Someone who is surprised that one can know something and not be able to say it is perhaps thinking of a case like the first.  Certainly not of one like the third.
> 

I’d like to describe the aspect of knowing that is the target of the criticism of scientism as the third person knowledge, and distinguish it from the aspect of knowing that we use in our creative behaviors, which I call the first person knowing.


THE THIRD PERSON KNOWLEDGE

The third person knowledge is a typical form of knowledge in science.  This is ‘objective’ knowledge that is attained and confirmed by the ‘neutral’ observers.  The ‘neutral’ or ‘objective’ observers are not real persons who are embodied and contextualized in specific ways, but the ideal notion of the third person that we conceptualize.  They have no body living in nowhere (They are indeed nobody and nowhere man). 

However, because of this idealization, the third person knowledge has abstract generalizability and has the widest scope of application among types of knowledge we have.  It is not the truth, though.  The truth, as imagined in the image of the omniscient, omnipotent, and omnipresent God, does not need to be applied.  It is just here, there and everywhere.  The knowledge of science is not this ultimate truth.  It has its limited area of application (and margin of errors).  Scientism, then, is probably a mistake to regard the third person knowledge as truth.
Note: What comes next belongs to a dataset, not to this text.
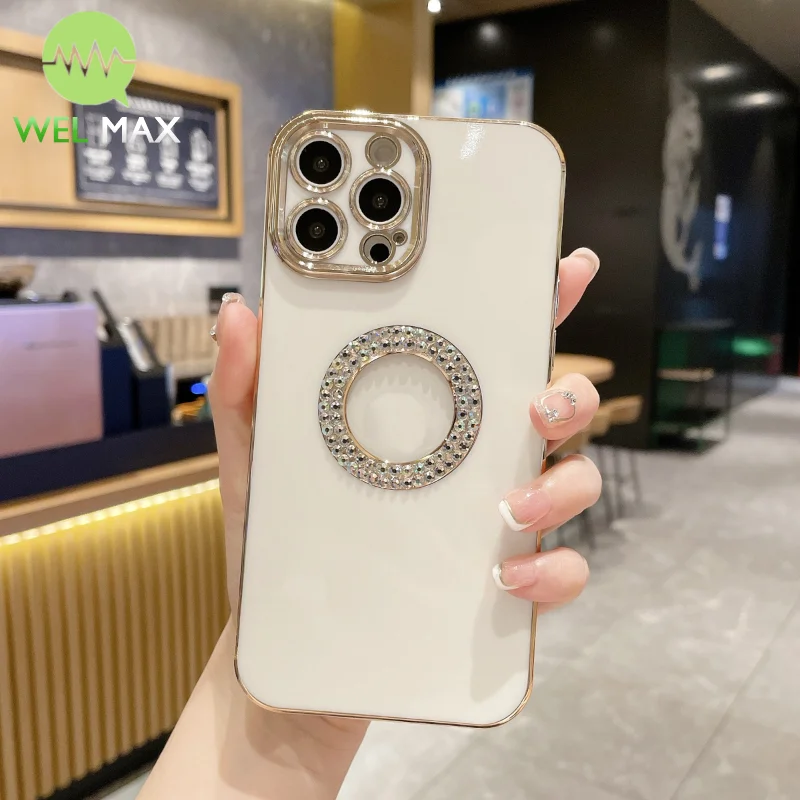 Роскошный Чехол Для Телефона С Бриллиантами iPhone 14/13/12/11 Pro Max Пылезащитный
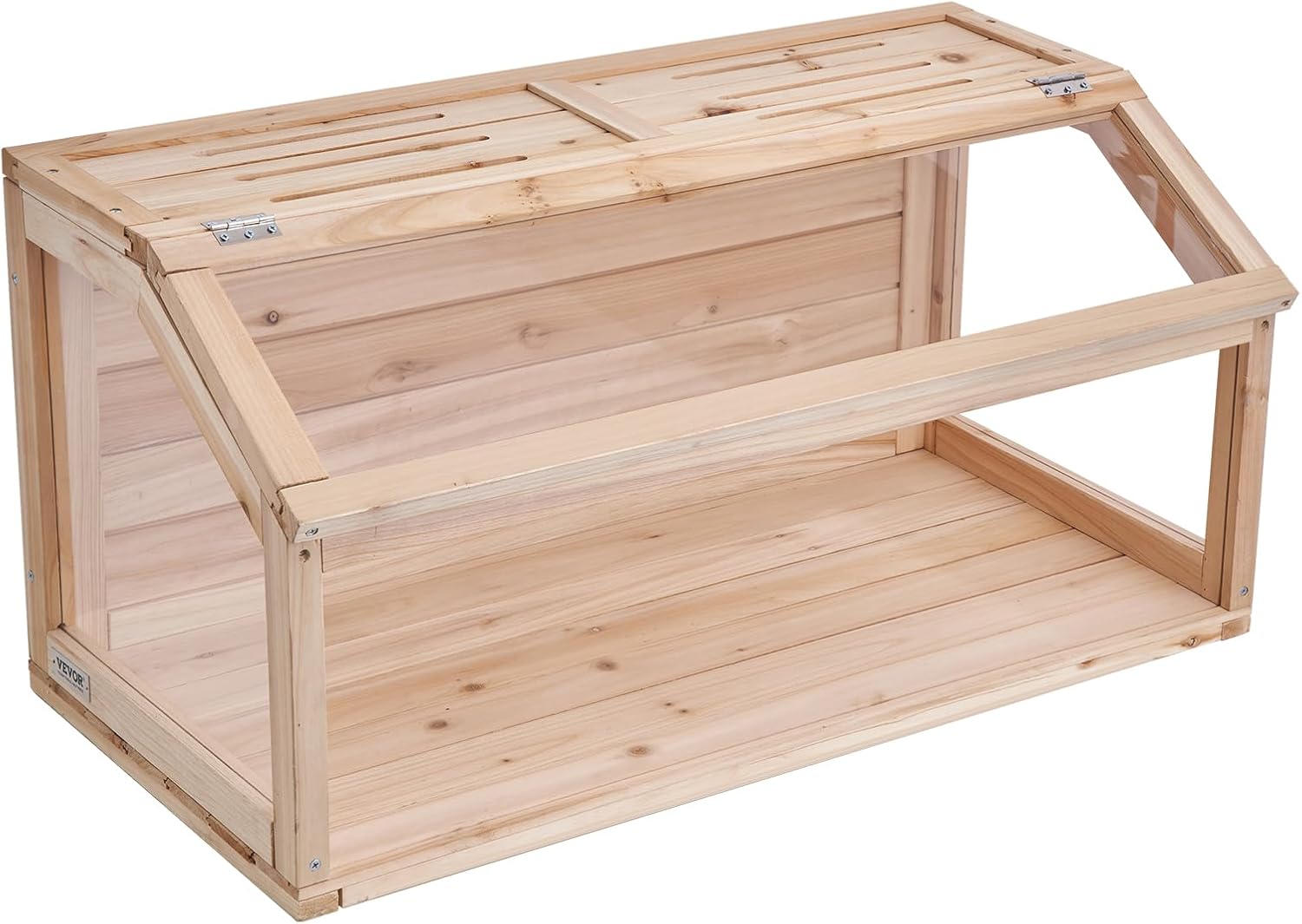 VEVOR Wooden Hamster Cage, 270° Viewing 𝖧amster Habitat, 32 x 16 x 16 in, Dwarf Hamster Cages with Openable Top, Ventilated Small Animal Cage, Pet Mouse Cage for Gerbils, Rats, Guinea Pigs, Mice - Image 11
One of the most useful features of the third person knowledge of science is its claim of liner causality.  The linear causality is a great way of approximation to predict, plan or make things, and the products of the approximation is generally hailed as the achievement of ‘science and technology.’  Sure enough, science and technology are not truth, and therefore things can ‘go wrong’, contradicting our third person knowledge, but usually we comfortably leave our lives on approximated safety of the gigantic structure that we call an airplane in our flight.  Our idealized conception of the linear causality is great to that extent, at least.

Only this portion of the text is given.